» **What to do**
In the data below, locate the line containing "mulher-fica-ferida-em-acidente-entre-carro-e-caminhao-na-mgc-354" and the line containing "Ciel de lit", then retype both and everything between them exactly. Pictures are not part of the copy.

### Extracted information ###

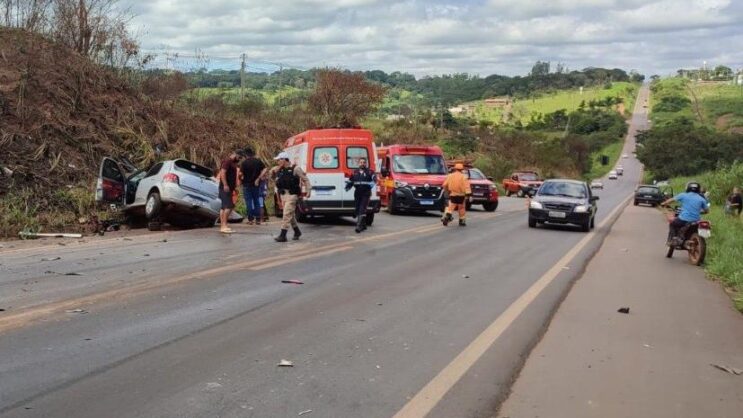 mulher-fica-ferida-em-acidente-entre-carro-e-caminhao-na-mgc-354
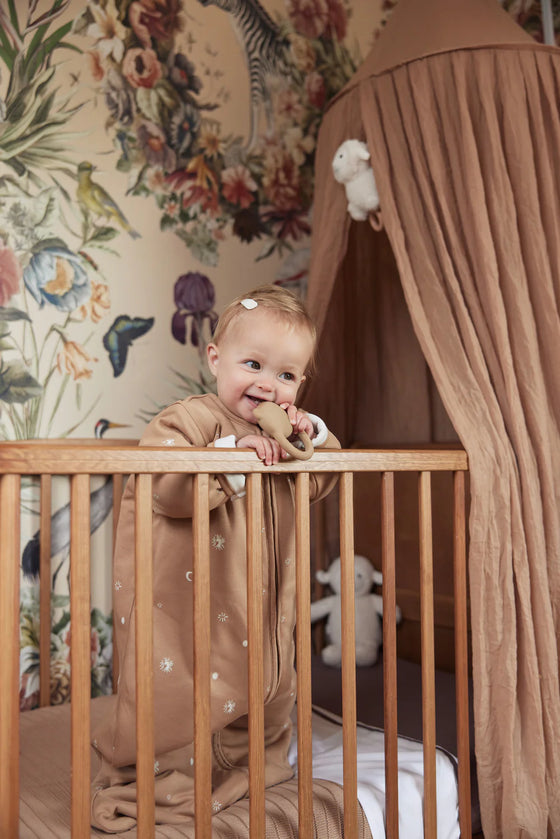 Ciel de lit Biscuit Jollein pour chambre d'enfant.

###
### Extracted information ###

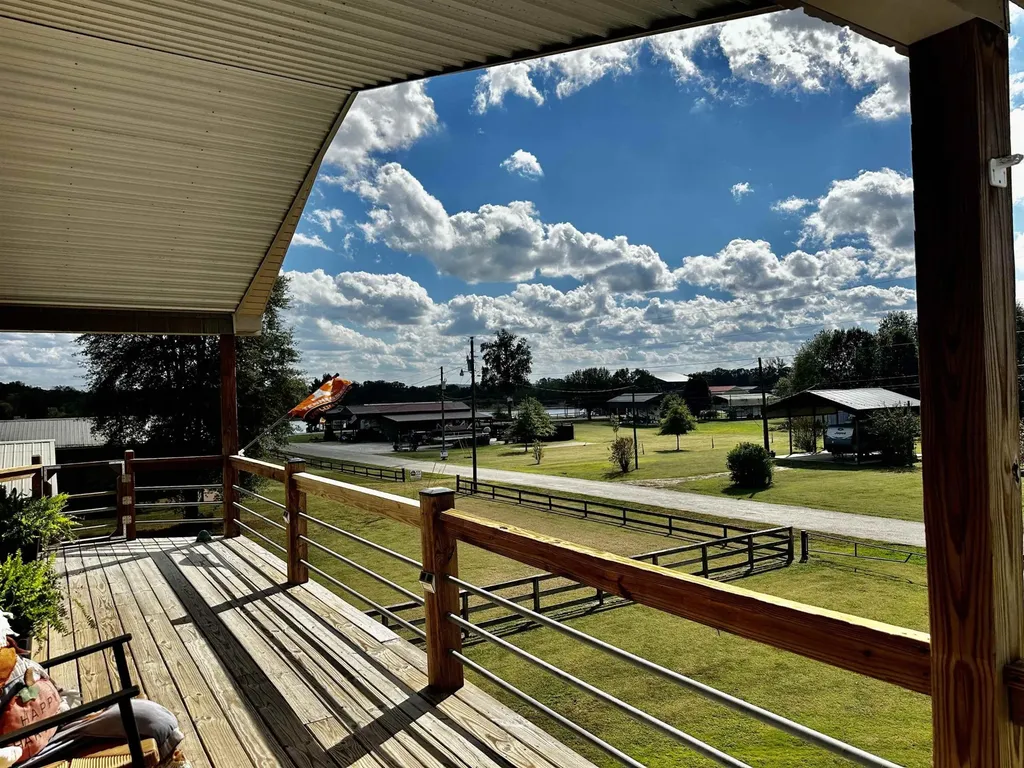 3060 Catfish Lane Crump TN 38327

###

» **Your solution**
 mulher-fica-ferida-em-acidente-entre-carro-e-caminhao-na-mgc-354
 Ciel de lit Biscuit Jollein pour chambre d'enfant.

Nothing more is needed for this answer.